Web page caption snippets

________

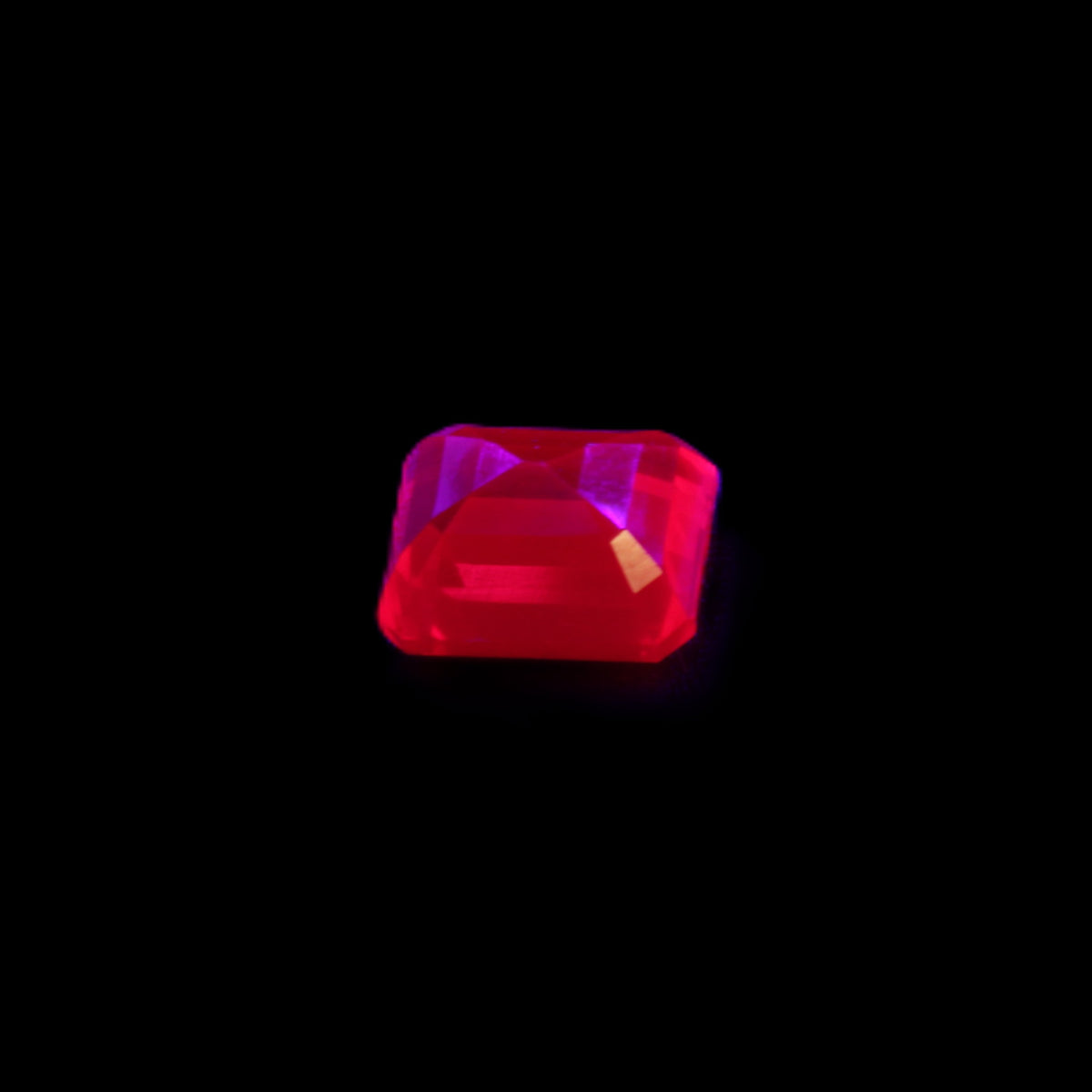 Red Ruby Princess cut from Mozambique 8mm 9ct 2g in UV light - Rocks and Things Store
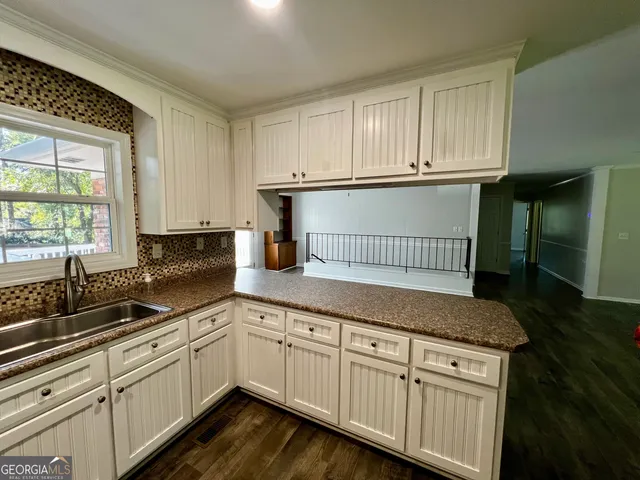 a kitchen with granite countertop white cabinets and white appliances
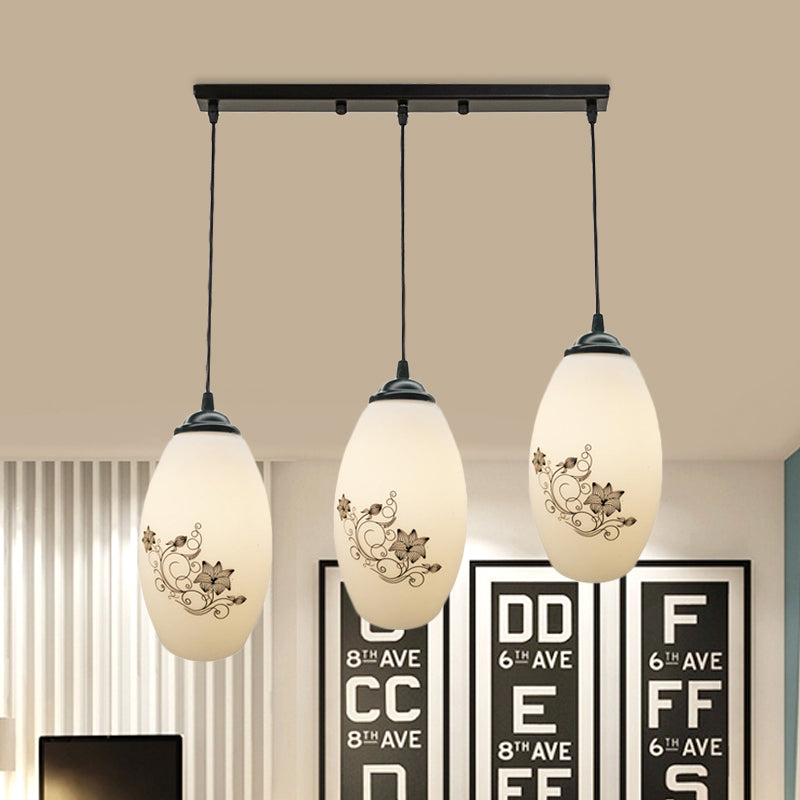 3 Lights Oval Multi-Pendant Modern Black Finish White Printed Glass Ceiling Hang Fixture with Round/Linear Canopy White B Linear Clearhalo 'Ceiling Lights' 'Close To Ceiling Lights' 'Glass shade' 'Glass' 'Pendant Lights' 'Pendants' Lighting' 802138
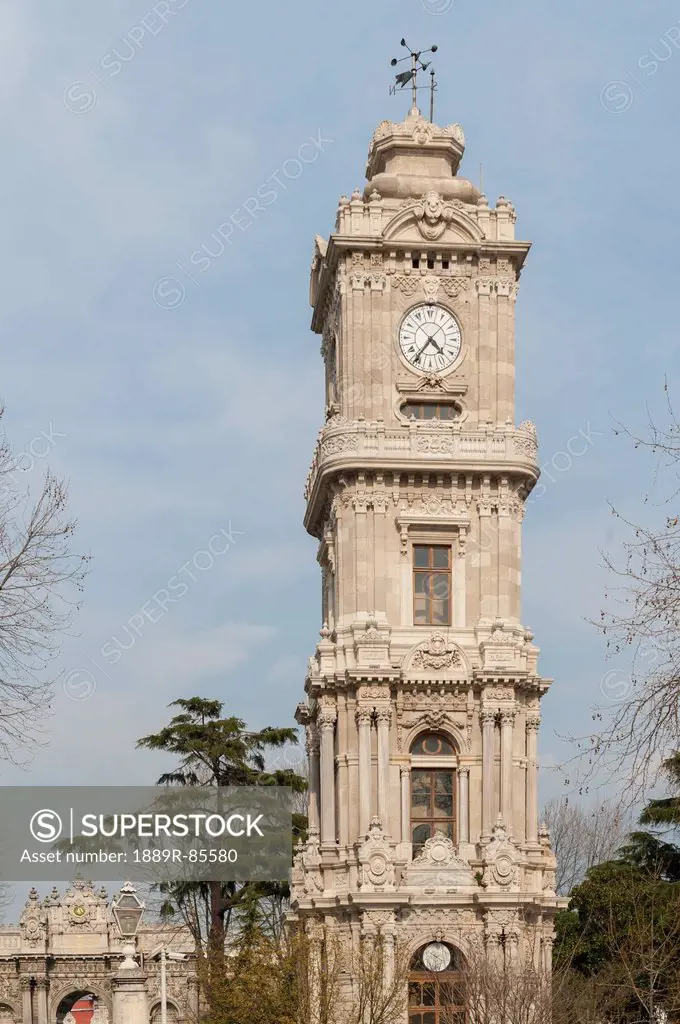 Clock Tower Of The Dolmabahce Palace Against A Blue Sky, Istanbul Turkey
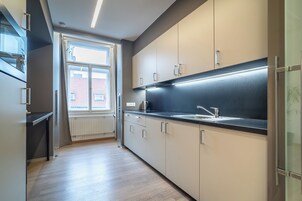 Uma cozinha moderna com armários claros, bancada preta e uma janela que permite a entrada de luz natural.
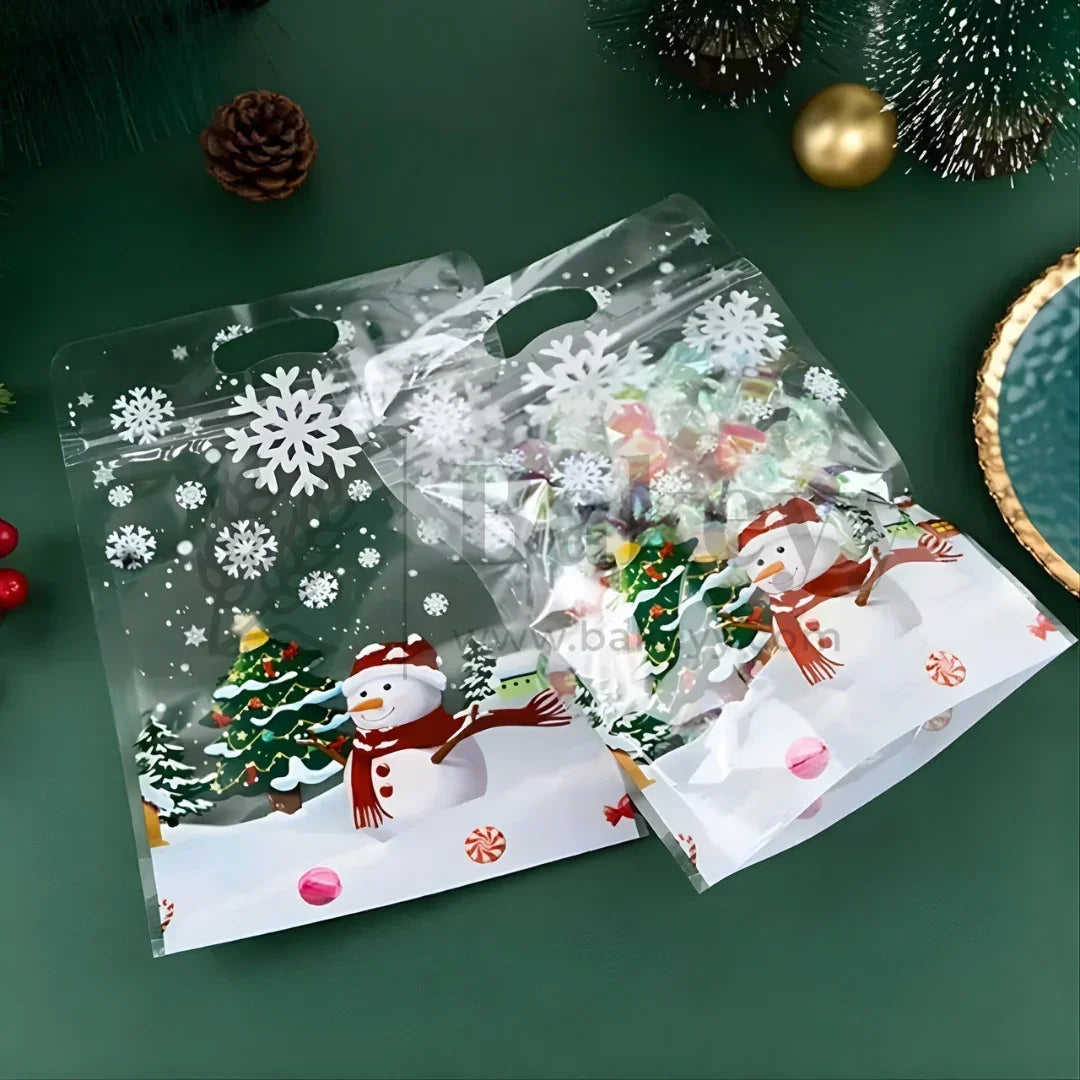 Clear cellophane bags with Christmas-themed designs on a green surface.
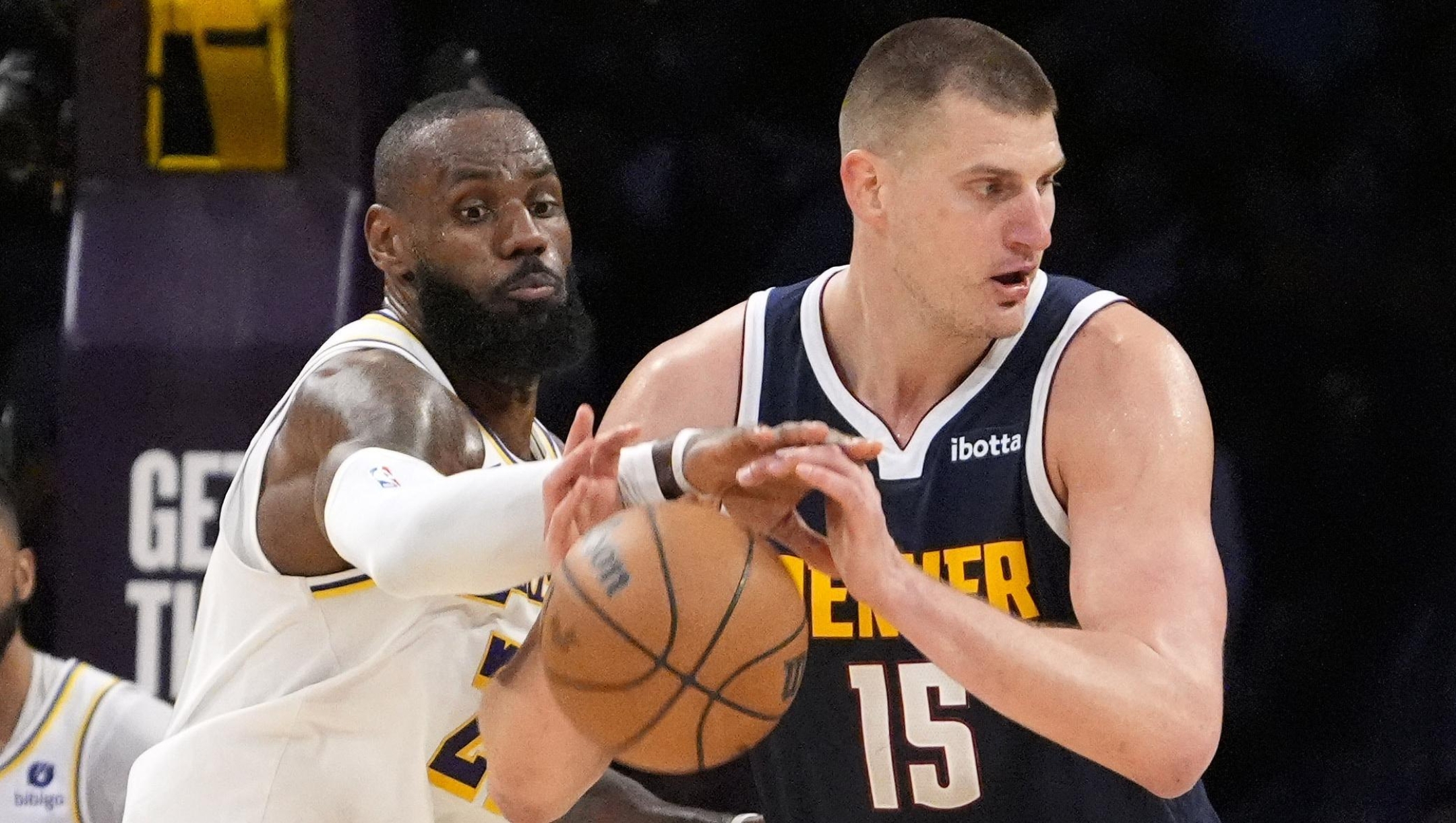 Los Angeles Lakers forward LeBron James, left, knocks the ball from the hands of Denver Nuggets center Nikola Jokic during the second half in Game 4 of an NBA basketball first-round playoff series Saturday, April 27, 2024, in Los Angeles. (AP Photo/Mark J. Terrill)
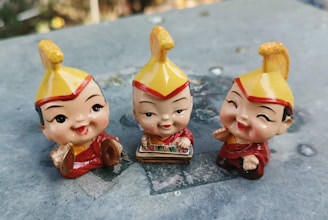 Close-up of a music box with a happy emotion figure on top.
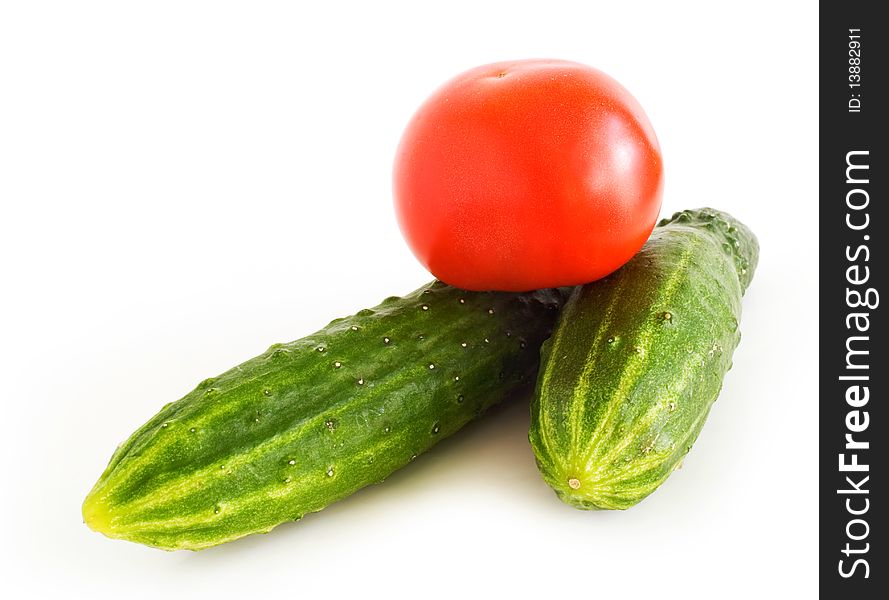 Fresh cucumbers and tomatoes on white background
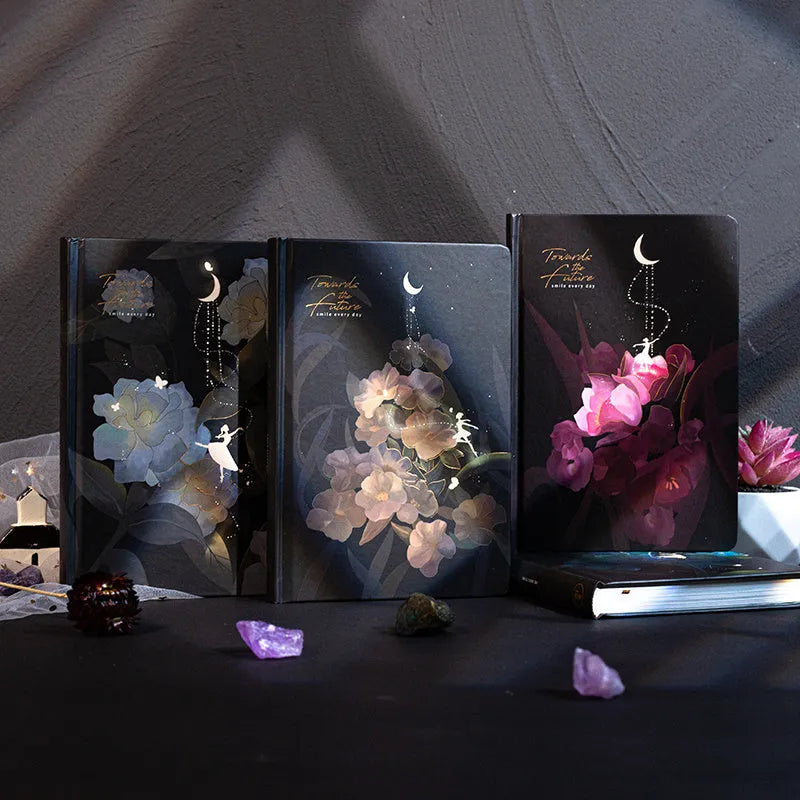 A5 notebook with luminous reflective cover open to show pages with colourful illustrated backgrounds.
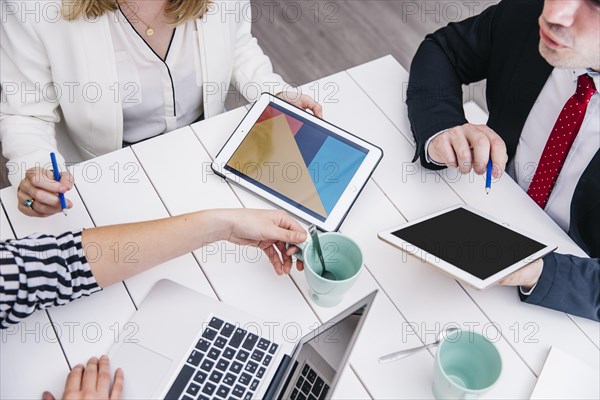 Crop businesspeople with gadgets desk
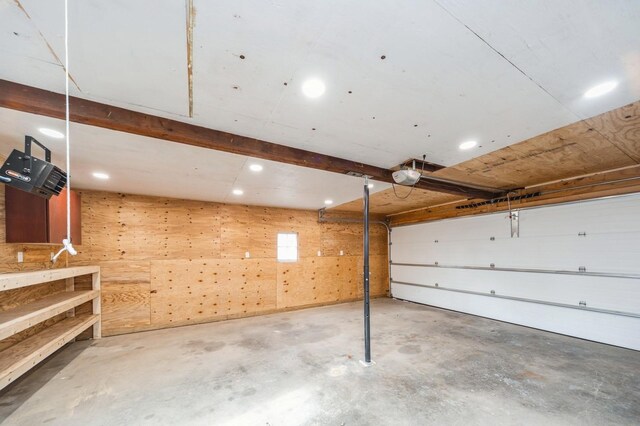garage with recessed lighting and a garage door opener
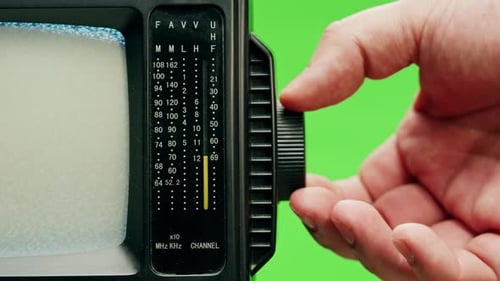 Small Old Television with Grey Interference Screen on Chroma Green Background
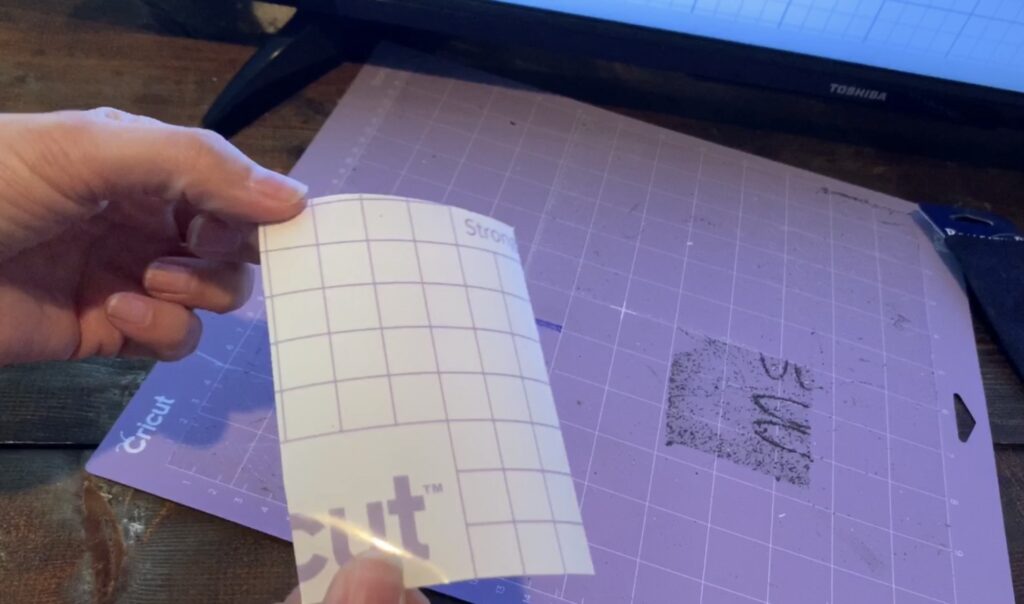 contact paper onto the mat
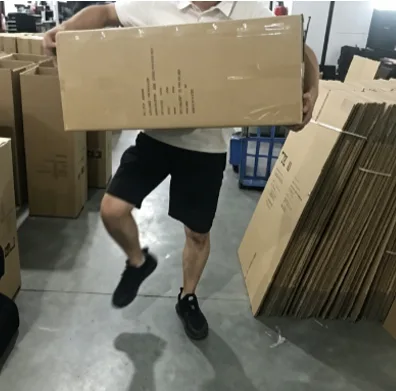 Warehouse quality control worker performing a physical carrying and drop-durability stress test on a heavy export master carton packed with car storage products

________

▸ **WHAT YOU ARE ASKED TO DO**: Nothing but the lines above from the one that has "garage with recessed" down to the one that has "contact paper onto the mat" belongs in the answer, copied exactly, without pictures.

▸ **ANSWER TO THE PROBLEM**:
garage with recessed lighting and a garage door opener
 Small Old Television with Grey Interference Screen on Chroma Green Background
 contact paper onto the mat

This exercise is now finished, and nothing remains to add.